新天地でのReStart
コンビニ店員「ありがとうございました。」
コンビニから夜勤上がりの一人の男が朝食を買って出てきてそのまま帰路に着いた。
私、野村雅彦は先月に2度目の30代になってからの誕生日を迎えた。大学受験に失敗し、2浪の末入った大学も中退しそのまま数年間派遣やアルバイトで食いつないでもうすぐ十年がたとうとしていた。典型的な負け組の人生を送っていたがそのことすらそろそろ考えなくなっていった。そんなとき、突然浮遊感が体を包んだと思い、気がつくとなにやら不思議な空間にいた。

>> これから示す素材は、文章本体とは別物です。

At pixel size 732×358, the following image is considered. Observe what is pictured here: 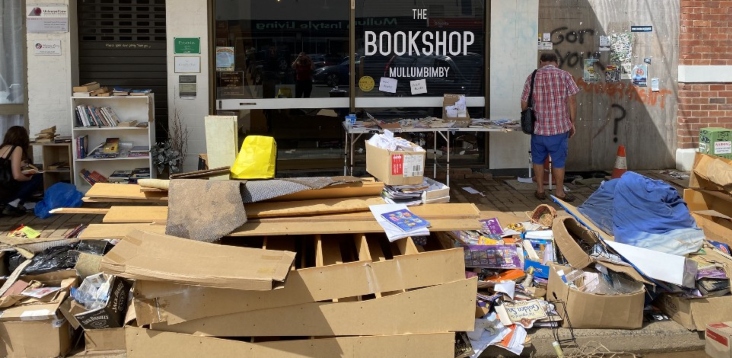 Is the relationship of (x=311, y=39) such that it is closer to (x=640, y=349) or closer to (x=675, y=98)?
(x=675, y=98)

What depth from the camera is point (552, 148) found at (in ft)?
31.7

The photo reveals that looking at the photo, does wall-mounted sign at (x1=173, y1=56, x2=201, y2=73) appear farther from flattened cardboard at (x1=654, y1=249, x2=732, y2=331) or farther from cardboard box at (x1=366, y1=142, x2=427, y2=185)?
flattened cardboard at (x1=654, y1=249, x2=732, y2=331)

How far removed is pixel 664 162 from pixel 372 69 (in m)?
4.56

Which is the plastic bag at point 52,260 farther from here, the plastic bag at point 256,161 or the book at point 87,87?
the book at point 87,87

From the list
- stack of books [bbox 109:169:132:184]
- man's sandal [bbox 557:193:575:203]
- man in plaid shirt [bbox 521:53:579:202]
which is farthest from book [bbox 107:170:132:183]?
man's sandal [bbox 557:193:575:203]

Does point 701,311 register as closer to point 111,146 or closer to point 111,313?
point 111,313

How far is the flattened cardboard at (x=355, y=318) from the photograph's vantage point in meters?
5.26

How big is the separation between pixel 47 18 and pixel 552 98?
6286 mm

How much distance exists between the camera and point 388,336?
17.5 ft

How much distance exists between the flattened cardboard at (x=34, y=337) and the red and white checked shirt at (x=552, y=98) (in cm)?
610

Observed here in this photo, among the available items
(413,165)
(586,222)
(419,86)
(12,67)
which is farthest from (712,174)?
(12,67)

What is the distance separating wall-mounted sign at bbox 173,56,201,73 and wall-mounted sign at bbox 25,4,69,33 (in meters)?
1.39

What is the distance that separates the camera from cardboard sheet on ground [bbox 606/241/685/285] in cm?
585

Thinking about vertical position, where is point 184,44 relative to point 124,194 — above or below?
above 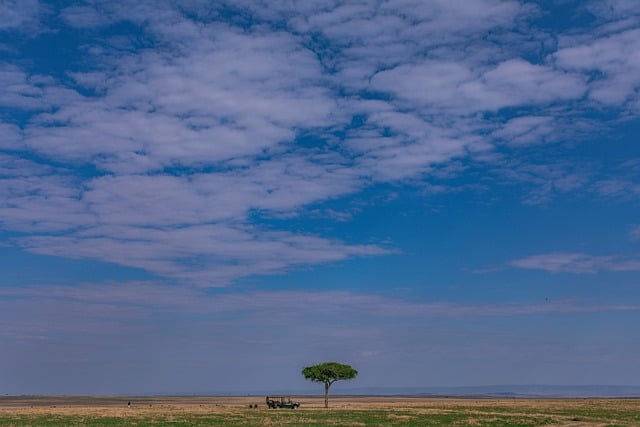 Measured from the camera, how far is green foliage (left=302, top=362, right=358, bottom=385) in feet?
392

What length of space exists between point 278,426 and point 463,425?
19763mm

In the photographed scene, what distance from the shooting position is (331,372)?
120 metres

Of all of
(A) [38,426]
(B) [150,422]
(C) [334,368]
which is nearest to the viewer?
(A) [38,426]

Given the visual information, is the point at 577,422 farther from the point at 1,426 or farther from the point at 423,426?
the point at 1,426

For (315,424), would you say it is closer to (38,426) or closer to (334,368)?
(38,426)

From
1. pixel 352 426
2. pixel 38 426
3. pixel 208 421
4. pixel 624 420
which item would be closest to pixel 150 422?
pixel 208 421

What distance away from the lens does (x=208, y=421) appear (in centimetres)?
7225

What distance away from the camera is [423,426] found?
6606cm

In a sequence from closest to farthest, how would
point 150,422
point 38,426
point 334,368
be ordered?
point 38,426, point 150,422, point 334,368

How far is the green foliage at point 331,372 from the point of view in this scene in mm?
119625

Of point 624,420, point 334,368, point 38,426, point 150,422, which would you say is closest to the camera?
point 38,426

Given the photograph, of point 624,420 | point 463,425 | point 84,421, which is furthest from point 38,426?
point 624,420

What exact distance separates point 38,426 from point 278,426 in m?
24.2

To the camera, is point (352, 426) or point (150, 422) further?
point (150, 422) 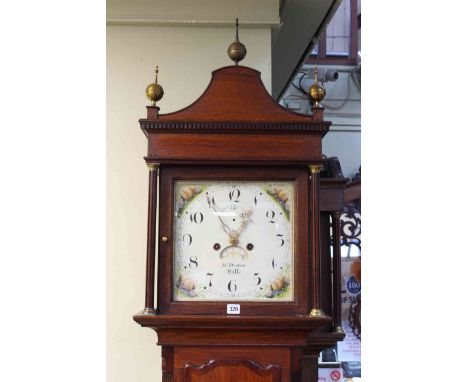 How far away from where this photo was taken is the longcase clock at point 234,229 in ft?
7.33

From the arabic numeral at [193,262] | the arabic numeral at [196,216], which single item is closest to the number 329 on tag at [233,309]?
the arabic numeral at [193,262]

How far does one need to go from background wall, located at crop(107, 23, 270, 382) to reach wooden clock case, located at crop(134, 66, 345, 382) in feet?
1.62

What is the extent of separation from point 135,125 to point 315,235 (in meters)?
0.94

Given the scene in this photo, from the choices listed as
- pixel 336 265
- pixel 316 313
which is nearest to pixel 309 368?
pixel 336 265

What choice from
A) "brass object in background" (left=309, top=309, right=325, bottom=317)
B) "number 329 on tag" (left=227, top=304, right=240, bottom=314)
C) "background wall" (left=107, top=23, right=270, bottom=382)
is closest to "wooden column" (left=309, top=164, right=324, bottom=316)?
"brass object in background" (left=309, top=309, right=325, bottom=317)

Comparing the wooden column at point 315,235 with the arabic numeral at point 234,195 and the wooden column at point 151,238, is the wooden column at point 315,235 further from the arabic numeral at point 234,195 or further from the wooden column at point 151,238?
the wooden column at point 151,238

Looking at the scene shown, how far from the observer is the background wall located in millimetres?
2740

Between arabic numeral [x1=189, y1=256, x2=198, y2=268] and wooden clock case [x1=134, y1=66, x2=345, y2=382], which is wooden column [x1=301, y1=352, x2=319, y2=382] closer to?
wooden clock case [x1=134, y1=66, x2=345, y2=382]

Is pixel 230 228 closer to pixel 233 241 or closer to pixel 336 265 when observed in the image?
pixel 233 241

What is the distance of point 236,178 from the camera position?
229 cm

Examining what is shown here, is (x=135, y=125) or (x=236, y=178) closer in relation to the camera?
(x=236, y=178)

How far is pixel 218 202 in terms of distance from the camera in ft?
7.50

まるでこの世の物理法則の支配の外にいるかのような挙動をした空間であった。そんな中警戒しながら身構えていると突然、虚空に何かが現れ人の形を形どると思えば気がつくと目の前には仙人のような身なりの老人が現れた。それはまるで一般的に神様と聞いて連想する姿のようだ。この物質界を超越した挙動の空間といい、本当に目の前にいる存在は神様なのかもしれない、と思っていると突然その神様らしき者は私に語りかけてきた。
神様らしき者「やあ、わしが君をここに呼んだこの世界の管理者、つまりお察しの通り君の社会での概念で言うところの”神”とでもいうべき存在じゃ。」